La place accordée à la parole des individus dans une société en proie à la déshumanisation et à la solitude exacerbée devient un sujet central dans le monde du travail. Ainsi, cette année encore, les jeunes considèrent que ce qui manque surtout aujourd’hui à l’entreprise est la place accordée à la parole et à la participation des salariés (32%), juste devant « un management basé sur la confiance et l’autonomie » (30%). Cet enjeu de l’autonomie apparaît à plusieurs reprises dans l’enquête, comme pour mettre en lumière l’un des souhaits principaux des jeunes, comme du reste de la société d’ailleurs : être libre dans un cadre sécurisé et protégé.
Tout l’enjeu du monde du travail et de l’entreprise dans les prochaines années est sans doute de parvenir, en sus de la question de la rémunération, à répondre à cette double demande : sécuriser le cadre (dont la rémunération fait partie intégrante) afin de pouvoir en jouir en toute liberté. Cet enjeu est d’ailleurs bien illustré à travers deux données dans l’enquête : quand on leur demande d’imaginer leur vie professionnelle, 29% des jeunes se voient rester dans la même entreprise autant que possible, neuf points de plus que le fait de changer d’entreprise à plusieurs reprises. Néanmoins, s’il existe une quête de stabilité, elle inclut malgré tout une part de mobilité. En effet, si 33% des jeunes se voient exercer le même métier tout au long de leur vie, 43% se voient changer régulièrement de métiers tout au long de leur vie. On retrouve d’ailleurs ce désir d’évolution et d’apprentissage permanent s’agissant de la « formation tout au long de la vie » : 63% des jeunes interrogés dans notre enquête souhaiteraient apprendre et suivre des formations tout au long de leur vie (4 points de plus que l’année dernière).

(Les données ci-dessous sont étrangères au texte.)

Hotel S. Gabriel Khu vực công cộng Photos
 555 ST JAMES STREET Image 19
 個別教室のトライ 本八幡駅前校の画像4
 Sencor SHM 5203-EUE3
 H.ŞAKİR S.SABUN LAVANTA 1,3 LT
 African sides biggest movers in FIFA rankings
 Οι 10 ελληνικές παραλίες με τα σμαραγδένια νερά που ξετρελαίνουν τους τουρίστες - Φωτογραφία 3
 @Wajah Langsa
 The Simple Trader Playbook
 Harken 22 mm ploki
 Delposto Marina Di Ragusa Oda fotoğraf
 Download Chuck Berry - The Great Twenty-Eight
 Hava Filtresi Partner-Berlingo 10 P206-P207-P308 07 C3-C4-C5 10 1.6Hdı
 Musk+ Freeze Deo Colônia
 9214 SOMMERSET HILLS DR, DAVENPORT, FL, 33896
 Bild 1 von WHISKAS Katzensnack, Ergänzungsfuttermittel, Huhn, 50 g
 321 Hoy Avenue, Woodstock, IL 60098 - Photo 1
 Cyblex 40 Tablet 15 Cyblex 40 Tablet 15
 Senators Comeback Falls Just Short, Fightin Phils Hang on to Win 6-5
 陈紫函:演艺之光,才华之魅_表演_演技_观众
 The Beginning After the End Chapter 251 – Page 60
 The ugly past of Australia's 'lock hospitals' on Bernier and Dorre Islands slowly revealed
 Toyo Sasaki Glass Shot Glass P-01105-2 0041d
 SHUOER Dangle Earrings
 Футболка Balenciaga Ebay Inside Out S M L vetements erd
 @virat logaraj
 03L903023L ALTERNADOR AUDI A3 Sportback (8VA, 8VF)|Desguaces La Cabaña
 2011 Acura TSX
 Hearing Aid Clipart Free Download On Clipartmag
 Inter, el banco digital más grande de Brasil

Mêler stabilité et mobilité, sécurité et autonomie : c’est ici que se trouve sans doute l’enjeu des années à venir pour les jeunes dans la société et dans le monde de l’entreprise.
- 1Jérémie Peltier, Les jeunes et l’entreprise, Fondation Jean-Jaurès, 2021.
- 2Raphaël Llorca, Le roman national des marques, La Tour d’Aigues, L’Aube/Fondation Jean-Jaurès, 2023.
- 3Jérémie Peltier, Les jeunes et l’entreprise : quatre enseignements, Fondation Jean-Jaurès, 2022.